„Bald kommen wir in die nächste Stadt. Dann brauche ich auch das letzte bisschen Platz im Laderaum.“
Erif nickte. Das hieß für ihn sich wieder in den Sattel zu schwingen. Den Rest seiner Reise würde er zu Pferde hinter sich bringen.
„Tut mir ja leid, ich hätte dich gerne noch ein Stück mitgenommen, aber so wars abgemacht.“
Erif winkte ab.
„Abgemacht ist abgemacht. Ich würde euch gerne etwas für die Mühen geben, die ich euch bereitet habe. Womit wärst du denn einverstanden?“
Der Kapitän schüttelte den Kopf.
„Danke, aber deine Gesellschaft hat uns sehr gefreut und war Lohn genug. Natürlich leisten meine Söhne und ich uns hier auch gegenseitig Gesellschaft, aber wenn man solange zusammenlebt, weiß man irgendwann nicht mehr worüber man reden soll.“
Erif war dankbar für die Großzügigkeit des alten Mannes, doch er hatte auch ein schlechtes Gewissen. Er mochte das Gefühl nicht andere ausgenutzt zu haben.
„Bist du sicher? Das Essen war gut und die Nacht war angenehm. Ich würde euch wirklich gerne etwas geben.“
Wieder schüttelte der Kapitän den Kopf.
„Nein, ist wirklich nicht nötig. Außerdem,“ fügte der Mann mit einem Augenzwinkern hinzu,“ hatten wir das Glück in den Genuss deiner Zauberei zu kommen. Das werden wir so schnell nicht vergessen.“
Der Kapitän hielt mit dem Hämmern inne und richtete das Werkzeug auf Erif.
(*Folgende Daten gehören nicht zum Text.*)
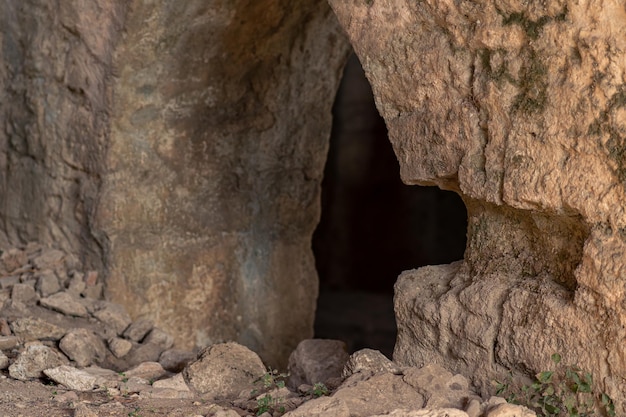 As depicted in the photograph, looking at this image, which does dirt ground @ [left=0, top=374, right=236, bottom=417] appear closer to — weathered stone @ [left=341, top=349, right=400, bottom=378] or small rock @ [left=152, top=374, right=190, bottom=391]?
small rock @ [left=152, top=374, right=190, bottom=391]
„Also müssten wir eigentlich dir etwas dafür bezahlen. Sowas sieht man schließlich nicht alle Tage.“
Erif fühlte sich geschmeichelt. Er mochte es wenn er anderen eine Freude bereiten konnte, selbst wenn er die tanzenden Flammen nur auf das Drängen seiner Gastgeber erschaffen hatte.
„Na gut, sagen wir die Schuld ist beglichen.“
Grinsend nickte der Kapitän.
„Genau so sehe ich es auch.“
Der Mann widmete sich wandte sich wieder seiner Arbeit zu. Erif ging zum Bug des Kahns um sich die ferne Stadt etwas genauer anzusehen. Hinter ihm wurde das Gehämmer von einem lauten Fluchen unterbrochen.
„Autsch, verflixt, du elendes…“
Der Kapitän hatte wohl diesmal einen Fingernagel erwischt.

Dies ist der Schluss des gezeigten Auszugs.